ワシントン大学の研究チームは、斬新な解決方法を開発した。柔軟で着用可能な、これまでにない熱電素子によって、体熱を電気に変えるのだ。この素子は、柔軟性と伸縮性がありながら、頑丈で効率が良いという、両立が難しいとされる特性を持つ。
研究チームは、2022年7月24日付の「Advanced Energy Materials」で、その成果を発表した。
同大学で機械工学のアシスタントプロフェッサーを務めるムハンマド・マラクーティ(Mohammad Malakooti)氏は、「何もしなければ周囲に無駄に放出されてしまう熱エネルギーを集めれば、100%のゲインになります。
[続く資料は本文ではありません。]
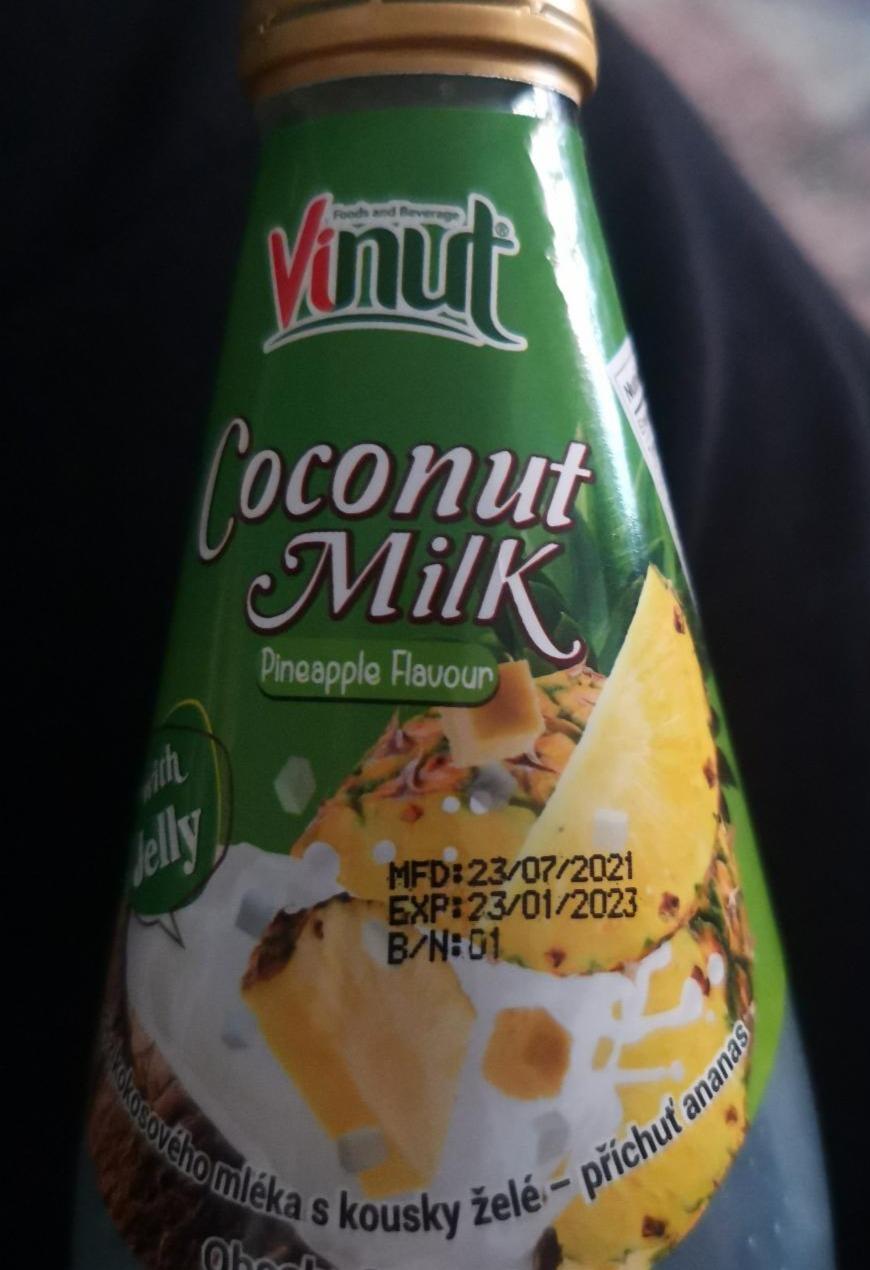 Fotografie - Coconut Milk Pineapple Vinut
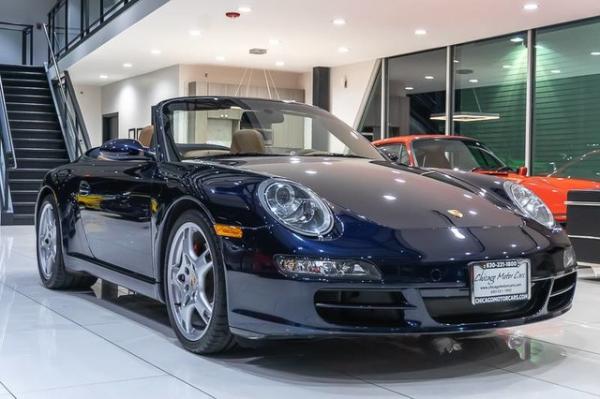 Used 2005 Porsche 911 Carrera S Cabriolet 6-Speed Manual *MSRP $101,810* for sale Sold at Chicago Motor Cars in West Chicago IL 60185 6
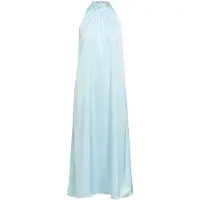 Object Satin Maxikleid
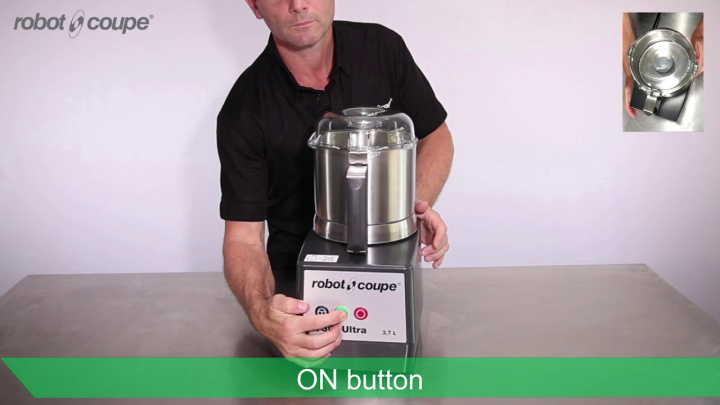 Robot-Coupe R301 R301 Ultra  Food Processor : Assembly & Operation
このエネルギーを自己給電の電子機器に使いたいため、高い出力密度が必要です」と語る。
「電子素子の製造に積層造形を活用することで、伸縮性を持たせ、効率を上げ、ウェアラブル機器にシームレスに統合できるようにしつつ、基礎的な研究上の問いに答えを出しています」
研究チームのプロトタイプ素子は、30%のひずみで1万5000回を超える伸縮サイクルの後でも完全に機能する。これは、ウェアラブル機器やソフトロボット学においては非常に望ましい特徴だ。また、従来の伸縮可能な熱電素子と比べると、出力密度が6.5倍に向上している。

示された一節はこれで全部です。